Baptista Gumucio, confirma que, entre la segunda década del siglo XIX, murió el Obispo de la Santa y Ortega sin llegar a ocupar el cargo de Obispo de Santiago de Compostela (un premio por su actitud a favor de los realistas). Según Manuel María Pinto, el Obispo era soberbio, glotón, chismoso? no practicaba la confesión ni suscitaba obras piadosas.

FRANCISCO JAVIER DE ANDAZÁBAL. EL OBISPO CRUCE?O QUE APOY? LA REVOLUCI?N

En las primeras décadas del siglo XIX, Santa Cruz de la Sierra todavía era llamada aún como San Lorenzo de la Barranca. Una diócesis ubicada en la frontera. A diferencia de Charcas y La Paz, Santa Cruz en aquellos años era una urbe más pequeña, carente de muchas obras y algo retrasada a diferencia de las principales ciudades coloniales del Alto Perú. Sin embargo, no perdería importancia por su posición, ya que tenía una estratégica ubicación militar.

Estallado el levantamiento del 24 de septiembre de 1810, día de la Virgen de la Merced. Los patriotas cruceños deciden llamar a un cabildo abierto integrado por el cura Don José Andrés Salvatierra Chávez y el doctor Vicente Seoane que llegó de Charcas y vivió la jornada de mayo de 1809 y con la noticia de que Cochabamba se había levantado 10 días antes, Seoane decide liderar la causa libertaria en Santa Cruz.

El Obispo de aquella ciudad era Francisco Javier de Andazábal que ocupó la sede episcopal cruceña el 23 de marzo de 1807 hasta el 24 de junio de 1812 cuando llega a fallecer.
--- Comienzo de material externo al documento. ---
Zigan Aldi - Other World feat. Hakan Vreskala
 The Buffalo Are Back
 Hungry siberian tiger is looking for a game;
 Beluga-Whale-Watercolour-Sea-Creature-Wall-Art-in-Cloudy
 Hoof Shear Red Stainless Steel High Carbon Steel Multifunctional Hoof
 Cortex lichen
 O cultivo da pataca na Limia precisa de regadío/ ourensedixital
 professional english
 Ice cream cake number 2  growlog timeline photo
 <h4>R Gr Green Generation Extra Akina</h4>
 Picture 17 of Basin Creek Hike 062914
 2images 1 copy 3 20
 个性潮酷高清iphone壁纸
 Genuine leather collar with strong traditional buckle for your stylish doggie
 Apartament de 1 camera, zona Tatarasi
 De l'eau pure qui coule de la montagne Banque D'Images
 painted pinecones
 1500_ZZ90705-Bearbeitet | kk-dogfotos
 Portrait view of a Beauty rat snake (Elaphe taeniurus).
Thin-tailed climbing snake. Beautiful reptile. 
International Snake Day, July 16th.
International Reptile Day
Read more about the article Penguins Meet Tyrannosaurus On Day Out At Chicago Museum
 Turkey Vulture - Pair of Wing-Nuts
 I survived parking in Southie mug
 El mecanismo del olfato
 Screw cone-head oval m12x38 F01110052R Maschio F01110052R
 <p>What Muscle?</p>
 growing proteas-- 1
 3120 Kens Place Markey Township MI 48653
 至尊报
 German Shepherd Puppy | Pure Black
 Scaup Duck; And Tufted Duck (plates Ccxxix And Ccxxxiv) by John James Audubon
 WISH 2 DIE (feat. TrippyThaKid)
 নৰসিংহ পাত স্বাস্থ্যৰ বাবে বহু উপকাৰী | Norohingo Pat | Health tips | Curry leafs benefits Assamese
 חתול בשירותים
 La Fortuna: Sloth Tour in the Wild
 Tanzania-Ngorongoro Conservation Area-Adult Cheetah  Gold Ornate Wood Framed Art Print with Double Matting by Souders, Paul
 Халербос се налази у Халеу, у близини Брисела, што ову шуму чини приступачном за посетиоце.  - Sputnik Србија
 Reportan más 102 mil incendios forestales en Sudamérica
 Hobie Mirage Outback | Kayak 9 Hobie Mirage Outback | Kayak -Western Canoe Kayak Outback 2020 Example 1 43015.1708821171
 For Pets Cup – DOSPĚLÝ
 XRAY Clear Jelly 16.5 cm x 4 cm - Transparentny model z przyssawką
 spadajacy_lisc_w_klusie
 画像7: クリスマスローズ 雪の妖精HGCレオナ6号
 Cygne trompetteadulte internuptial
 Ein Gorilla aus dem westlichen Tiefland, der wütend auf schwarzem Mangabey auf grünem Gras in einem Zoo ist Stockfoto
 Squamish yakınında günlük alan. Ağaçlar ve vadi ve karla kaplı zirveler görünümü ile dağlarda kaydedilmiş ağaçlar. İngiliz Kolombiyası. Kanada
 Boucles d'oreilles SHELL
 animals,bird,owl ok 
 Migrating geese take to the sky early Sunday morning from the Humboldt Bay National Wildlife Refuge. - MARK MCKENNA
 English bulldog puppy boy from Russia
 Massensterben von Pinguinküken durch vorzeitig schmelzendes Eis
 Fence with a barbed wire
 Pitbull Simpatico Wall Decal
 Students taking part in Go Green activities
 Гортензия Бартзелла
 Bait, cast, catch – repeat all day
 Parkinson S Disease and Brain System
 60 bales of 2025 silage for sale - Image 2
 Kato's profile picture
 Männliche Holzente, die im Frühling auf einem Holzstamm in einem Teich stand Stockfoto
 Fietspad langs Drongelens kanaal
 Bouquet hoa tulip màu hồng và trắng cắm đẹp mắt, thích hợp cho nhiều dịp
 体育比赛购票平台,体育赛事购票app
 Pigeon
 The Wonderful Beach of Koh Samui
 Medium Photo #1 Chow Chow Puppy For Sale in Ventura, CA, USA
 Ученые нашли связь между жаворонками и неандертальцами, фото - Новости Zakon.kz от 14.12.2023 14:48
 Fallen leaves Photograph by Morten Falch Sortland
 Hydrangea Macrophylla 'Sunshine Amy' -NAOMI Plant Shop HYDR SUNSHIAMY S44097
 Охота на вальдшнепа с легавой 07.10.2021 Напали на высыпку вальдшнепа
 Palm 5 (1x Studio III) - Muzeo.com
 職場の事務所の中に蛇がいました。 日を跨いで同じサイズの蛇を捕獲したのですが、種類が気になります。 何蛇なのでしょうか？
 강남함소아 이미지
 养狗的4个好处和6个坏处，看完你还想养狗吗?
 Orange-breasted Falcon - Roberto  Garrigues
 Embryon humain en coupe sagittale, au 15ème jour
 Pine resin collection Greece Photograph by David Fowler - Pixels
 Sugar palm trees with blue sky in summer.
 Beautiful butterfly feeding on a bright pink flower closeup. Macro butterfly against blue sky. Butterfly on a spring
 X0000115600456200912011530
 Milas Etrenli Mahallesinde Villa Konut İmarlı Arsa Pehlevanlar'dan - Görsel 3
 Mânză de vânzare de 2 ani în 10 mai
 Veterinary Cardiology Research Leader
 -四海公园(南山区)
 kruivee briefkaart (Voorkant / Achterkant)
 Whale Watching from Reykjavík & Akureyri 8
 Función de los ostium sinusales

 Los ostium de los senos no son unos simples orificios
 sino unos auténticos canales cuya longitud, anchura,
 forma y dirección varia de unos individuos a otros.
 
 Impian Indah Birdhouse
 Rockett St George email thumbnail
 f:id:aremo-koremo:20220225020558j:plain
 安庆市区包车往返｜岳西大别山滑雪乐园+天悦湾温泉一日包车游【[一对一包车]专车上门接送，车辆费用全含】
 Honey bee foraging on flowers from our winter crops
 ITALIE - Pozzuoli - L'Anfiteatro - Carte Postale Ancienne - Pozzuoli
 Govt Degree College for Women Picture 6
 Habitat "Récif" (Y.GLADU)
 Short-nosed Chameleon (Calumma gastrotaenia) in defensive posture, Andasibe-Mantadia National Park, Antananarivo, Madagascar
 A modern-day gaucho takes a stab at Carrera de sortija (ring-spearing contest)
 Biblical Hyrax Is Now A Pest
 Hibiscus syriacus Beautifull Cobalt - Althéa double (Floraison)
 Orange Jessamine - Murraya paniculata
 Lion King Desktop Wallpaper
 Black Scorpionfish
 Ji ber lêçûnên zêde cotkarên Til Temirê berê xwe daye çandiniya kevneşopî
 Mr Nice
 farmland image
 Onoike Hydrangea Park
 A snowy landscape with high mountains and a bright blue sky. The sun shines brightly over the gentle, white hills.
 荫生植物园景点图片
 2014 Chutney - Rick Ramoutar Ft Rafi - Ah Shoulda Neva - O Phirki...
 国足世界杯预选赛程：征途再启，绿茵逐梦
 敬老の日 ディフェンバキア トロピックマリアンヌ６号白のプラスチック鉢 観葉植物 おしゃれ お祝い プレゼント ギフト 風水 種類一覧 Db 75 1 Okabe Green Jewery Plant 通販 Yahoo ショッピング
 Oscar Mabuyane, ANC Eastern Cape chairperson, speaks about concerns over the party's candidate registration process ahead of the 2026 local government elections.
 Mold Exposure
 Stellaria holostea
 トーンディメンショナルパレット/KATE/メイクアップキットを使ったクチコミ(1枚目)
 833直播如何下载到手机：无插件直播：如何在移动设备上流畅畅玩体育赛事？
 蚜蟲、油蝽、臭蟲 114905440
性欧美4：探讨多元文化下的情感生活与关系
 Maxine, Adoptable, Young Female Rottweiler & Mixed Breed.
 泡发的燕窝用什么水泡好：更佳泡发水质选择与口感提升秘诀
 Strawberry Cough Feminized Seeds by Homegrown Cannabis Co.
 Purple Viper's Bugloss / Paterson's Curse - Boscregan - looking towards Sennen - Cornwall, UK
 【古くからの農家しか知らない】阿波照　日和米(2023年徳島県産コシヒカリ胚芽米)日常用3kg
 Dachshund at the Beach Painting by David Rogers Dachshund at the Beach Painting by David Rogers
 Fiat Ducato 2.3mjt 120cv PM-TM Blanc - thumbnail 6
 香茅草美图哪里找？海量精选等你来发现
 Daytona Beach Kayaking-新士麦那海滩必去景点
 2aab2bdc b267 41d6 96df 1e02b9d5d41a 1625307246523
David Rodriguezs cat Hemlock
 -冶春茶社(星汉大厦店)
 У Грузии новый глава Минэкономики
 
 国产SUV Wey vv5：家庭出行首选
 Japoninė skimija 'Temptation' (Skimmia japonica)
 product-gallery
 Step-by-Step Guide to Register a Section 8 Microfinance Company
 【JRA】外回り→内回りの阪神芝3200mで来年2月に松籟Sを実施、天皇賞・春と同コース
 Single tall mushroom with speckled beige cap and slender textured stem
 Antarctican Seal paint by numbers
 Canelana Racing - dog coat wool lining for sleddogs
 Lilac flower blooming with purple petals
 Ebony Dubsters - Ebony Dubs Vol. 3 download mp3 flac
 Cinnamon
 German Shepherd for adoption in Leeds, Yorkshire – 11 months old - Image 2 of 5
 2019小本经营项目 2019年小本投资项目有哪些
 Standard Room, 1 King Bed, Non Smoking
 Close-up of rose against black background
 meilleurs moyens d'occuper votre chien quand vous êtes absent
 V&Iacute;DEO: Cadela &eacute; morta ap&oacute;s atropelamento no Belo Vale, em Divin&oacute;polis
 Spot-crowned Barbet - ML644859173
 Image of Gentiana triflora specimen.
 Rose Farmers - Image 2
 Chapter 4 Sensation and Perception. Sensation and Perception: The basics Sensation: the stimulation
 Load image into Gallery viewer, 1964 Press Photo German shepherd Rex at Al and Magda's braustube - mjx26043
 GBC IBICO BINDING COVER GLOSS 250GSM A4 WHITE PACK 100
El Obispo de Andazábal tuvo que enterarse del Cabildo en el mismo momento que se lo instaló. Y según Querejazú Calvo, el prelado se adhirió al pronunciamiento libertario del día 24 de septiembre. Es posible que lo haya hecho porque la realidad de su pueblo era muy sufriente y además había seguido de cerca la independencia de las provincias de Buenos Aires y a diferencia de los obispos de La Paz y Charcas, muchas de las ideas de los criollos americanos eran de mucha coincidencia con las del Obispo.

Por ejemplo, una de las primeras decisiones del cabildo fue liberar a los esclavos negros de las panaderías y en las fábricas de adobes, esto fue visto con buenos ojos por el Obispo, además de que uno de los principales líderes era el cura Salvatierra.

En 1811 los realistas toman nuevamente el gobierno, decidiendo castigar; según las leyes españolas; a los subversivos. No existen datos concretos sobre la situación del Obispo de Andazábal hasta su muerte en 1812. Luego vendría la Sede vacante de Santa Cruz hasta 1821 donde tomaría cargo Francisco de Otondo, con una posición muy tibia ante el panorama libertario.

Muchos biógrafos de Andazábal, mencionan que el prelado influyó mucho en el grueso de la población para adherirse a la causa patriótica. Es por eso que estuvo por muchos años la sede vacante ya que la corona española quería borrar la imagen motivadora de Andazábal de la memoria del pueblo y buscar a uno que se acomode a las exigencias españolas y que no favorezca a la causa patriota.